On Saturday after emailing I went to the auditorium at Central Bank to attend a dance competition that my friend Kholu Liphoto was in. Celebrating the Queen Masenate’s birthday, the dance competition brought together couples from Botswana, Swaziland, Namibia, South Africa, and Lesotho. When she invited me I thought it was some small local competition, but it is quite a large annual event. Also, Kholu won first place at the competition last year, so she was defending her title. I went with my friend Mothepu at 6, expecting to be there for an hour or two. Apparently they were far behind schedule. They were still doing the youth division.

Kholu didn’t end up dancing until around 11, but we stayed since we had already paid the entry fee and we had only gone in the first place to support her. All of the couples danced in so many styles: tango, waltz, salsa, cha cha and some ones that I don’t remember. Kholu did very well, taking second place; first went to a couple from Botswana.
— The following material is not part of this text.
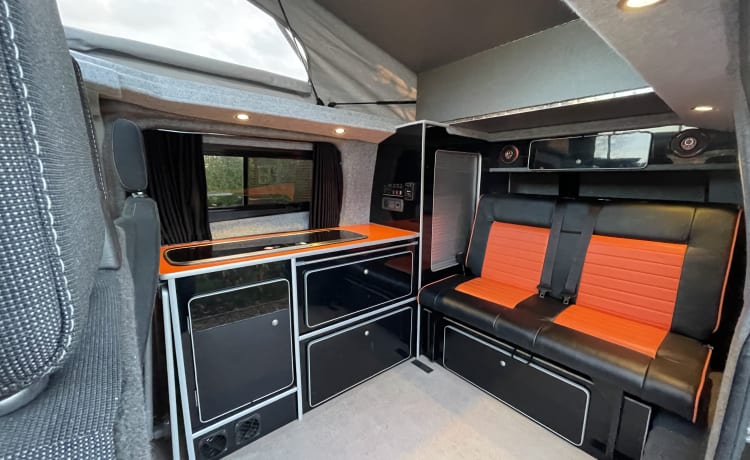 4-berth Ford Transit Custom Campervan (2015) with pop-top roof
She was very disappointed since she won last year, but I thought she did great. Since the couples danced all at the same time and each individually, they weren’t ready to give awards until 2. I ended up arriving at home after 3 am, which is late for anyone, but basically unheard of here.

Monday was a good day at work. We had a staff meeting, our last one before the trainees went for winter holiday. Since the instructors are also going home for holidays, I shared with them my plans for the next few months. They were very supportive, and promised to give me the information I needed to do that work in their absence.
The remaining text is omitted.